I need to script a loop that will check each of the 800+ for z
, and if it's there, I need to append the name of the directory (the directory before y
) into a text file. I'm not sure how to do this.
This is what I have
#!/bin/bash
for d in *; do
if [ -d "y"]; then
for f in *; do
if [ -f "x"]
echo $d >> IDlist.txt
fi
fi
done
Upvotes: 1
Views: 537
Reputation: 17208
The first example doesn't check that z
is a file, but I think it's worth showing compgen
:
#!/bin/bash
compgen -G '*/y/z' | sed 's|/.*||' > IDlist.txt
Doing glob expansion, file check and path splitting with perl
only:
perl -E 'foreach $p (glob "*/y/z") {say substr($p, 0, index($p, "/")) if -f $p}' > IDlist.txt
Upvotes: 1
Reputation: 13717
You can first try to do some filtering using find
Below will list all z files recursively within current directory
Then let's say the one of the output was
./dir001/y/z
Then you can extract required part using multiple ways grep
, sed
, awk
, etc
e.g. with grep
find . -type f | grep z | grep -E -o "y.*$"
will give
y/z
Upvotes: 1
Reputation: 22291
This should do it:
shopt -s nullglob
outfile=IDlist.txt
>$outfile
for found in */y/x
do
[[ -f $found ]] && echo "${found%%/*}" >>$outfile # Drop the /y/x part
done
The nullglob ensures that the loop is skipped if there is no match, and the quotes in the echo
ensure that the directory name is output correctly even if it contains two successive spaces.
Upvotes: 1
Reputation: 29280
Let's assume that any foo/y/z
is a file (that is, you do not have directories with such names). If you had a really large number of such files, storing all paths in a bash variable could lead to memory issues, and would advocate for another solution, but about 800 paths is not large. So, something like this should be OK:
declare -a names=(*/y/z)
printf '%s\n' "${names[@]%%/*}" > IDlist.txt
Explanation: the paths of all z
files are first stored in array names
, thanks to a glob pattern: */y/z
. Then, a pattern substitution is applied to each array element to suppress the /y/z
part: "${names[@]%%/*}"
. The result is printed, one name per line: printf '%s\n'
.
If you also had directories named z
, or if you had millions of files, find
could be used, instead, with a bit of awk
to retain only the leading directory name:
find . -mindepth 3 -maxdepth 3 -path './*/y/z' -type f |
awk -F/ '{print $2}' > IDlist.txt
If you prefer sed
for the post-processing:
find . -mindepth 3 -maxdepth 3 -path './*/y/z' -type f |
sed 's|^\./\(.*\)/y/z|\1|' > IDlist.txt
These two are probably also more efficient (faster).
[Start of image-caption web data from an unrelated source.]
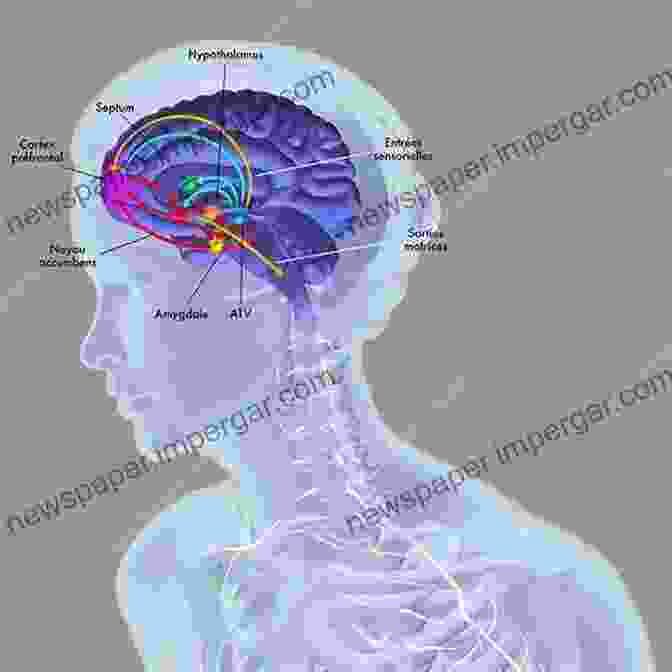 Diagram Of Brain Activity Pathways During Focus Driven To Distraction At Work: How To Focus And Be More Productive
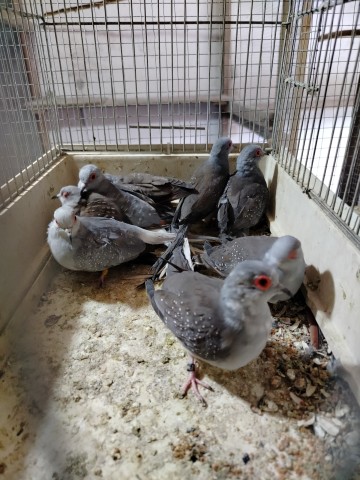 Sprzedam gołąbki diamentowe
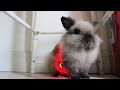 HALO LED Pet Collar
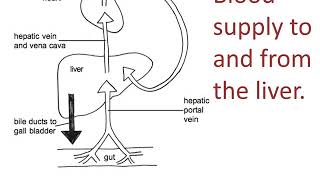 Liver structure and function [upl. by Alpers]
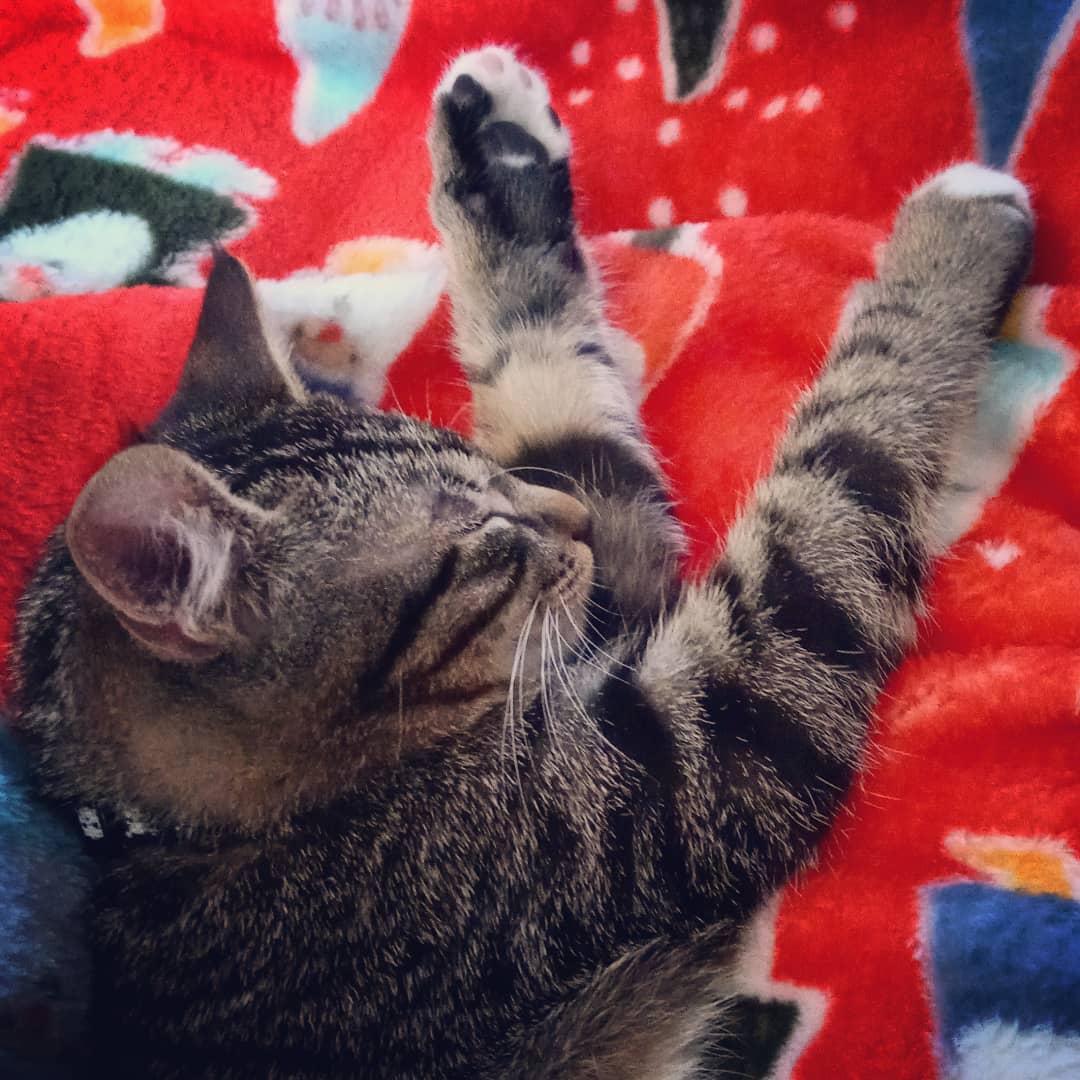 Even a murderball has to sleep sometimes.

#kitten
Note: your initial attempt could also work, even if using bash loops is far less efficient, but it needs several changes:
#!/bin/bash
for d in *; do
if [ -d "$d/y" ]; then
for f in "$d"/y/*; do
if [ "$f" = "$d/y/z" ]; then
printf '%s\n' "$d" >> IDlist.txt
fi
done
fi
done
As noted by @LéaGris, printf
is better than echo
because if d
is the -e
string, for instance, echo "$d"
interprets it as an option of the echo
command and does not print it.
But a simpler and more efficient version (even if not as efficient as the first proposal or the find
-based ones) would be:
#!/bin/bash
for d in *; do
if [ -f "$d/y/z" ]; then
printf '%s\n' "$d"
fi
done > IDlist.txt
As you can see there is another improvement (also suggested by @LéaGris), which consists in redirecting the output of the entire loop to the IDlist.txt
file. This will open and close the file only once, instead of once per iteration.
Upvotes: 2
Reputation: 1165
This should solve it:
for f in */y/z; do
[ -f "$f" ] && echo ${f%%/*}
done
Note:
If there is a possibility of weird top level directory name like "-e", use printf
instead of echo
, as in the comment below.
Upvotes: 1